If you’re a frequent user of social media sites such as Twitter and Instagram, the chances are that you’re familiar with internet memes.
Often with whole pages dedicated to them, they’re very easy to come by - you might have even created one yourself.
For those who are unfamiliar with the concept, memes are an internet sensation which takes place in the form of a sort of collective joke, where one person will take an image or screenshot, add satirical text to it, and share it on social media.
This can then be copied by other people across the platform, with alterations in the text to suit different situations.
An example of some of the media types commonly used in internet memes are snapshots from television shows and films, celebrity interviews, and stock images.

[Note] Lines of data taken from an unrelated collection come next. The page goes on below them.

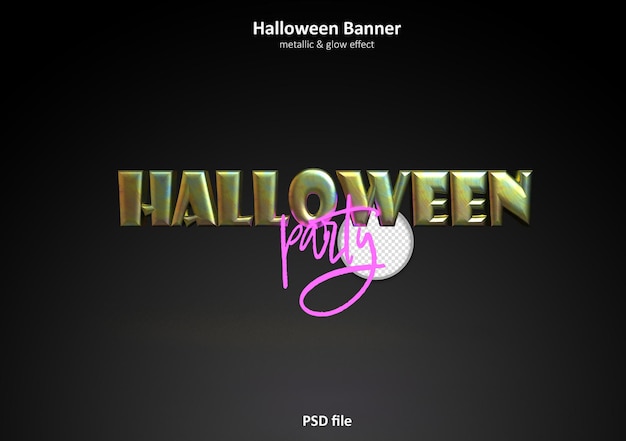 PSD gratuito festa di halloween banne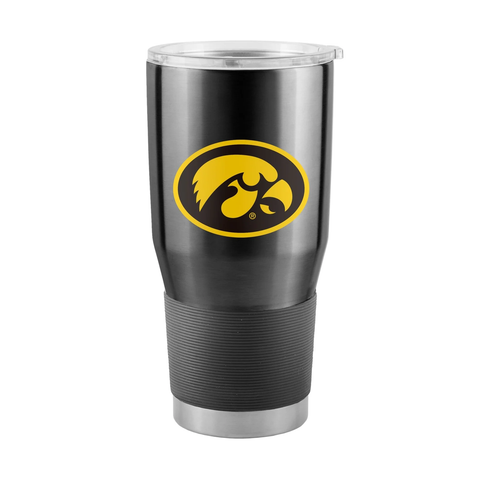 Iowa Hawkeyes Travel Tumbler 30oz Stainless Steel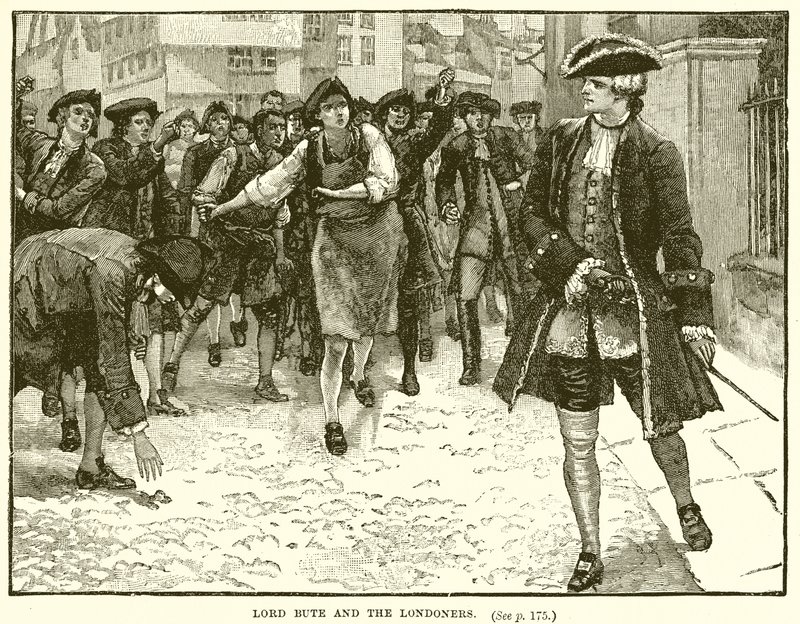 Lord Bute and the Londoners by English School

Really, there aren’t any limits on what can and cannot become an internet meme.
A single image can be saved, edited, and shared thousands of times, over and over.
Memes are created in jest, as a piece of light-hearted fun. But who retains the right to a meme?
Is it possible to regulate the use of copyrighted materials used in memes?
Generally, you would expect the creator of the original media to have ownership over their content, and one would expect there to be ramifications if someone uses it without the correct permissions from the creator, especially when used for commercial gain.
And though memes aren’t generally used for commercial purposes, they may still be in violation of copyright laws.
But with the widespread use of potentially copyrighted materials on social media, it isn’t always possible to pin down the origin of a new meme, or stop others from using it on such a grand scale.
Fair use, an exception which sometimes allows copyrighted works to be used for educational purposes, is unlikely to apply to memes.
With these images, the copyright impact is minimal, so long as the image is free to use and is listed as ‘available for reuse.’
This means that the copyright owner has granted the licence for others to reuse the image, even without credit.
Occasionally, people will attempt monetise a meme – reality television star Kylie Jenner did just that when internet users made a meme out of something that she said in an interview.
In this case, the origin of the meme was clear, which lead Jenner to create merchandise with the popular saying on it for profit.
This, however, did not stop others from using and creating new content with the meme, for free and for profit.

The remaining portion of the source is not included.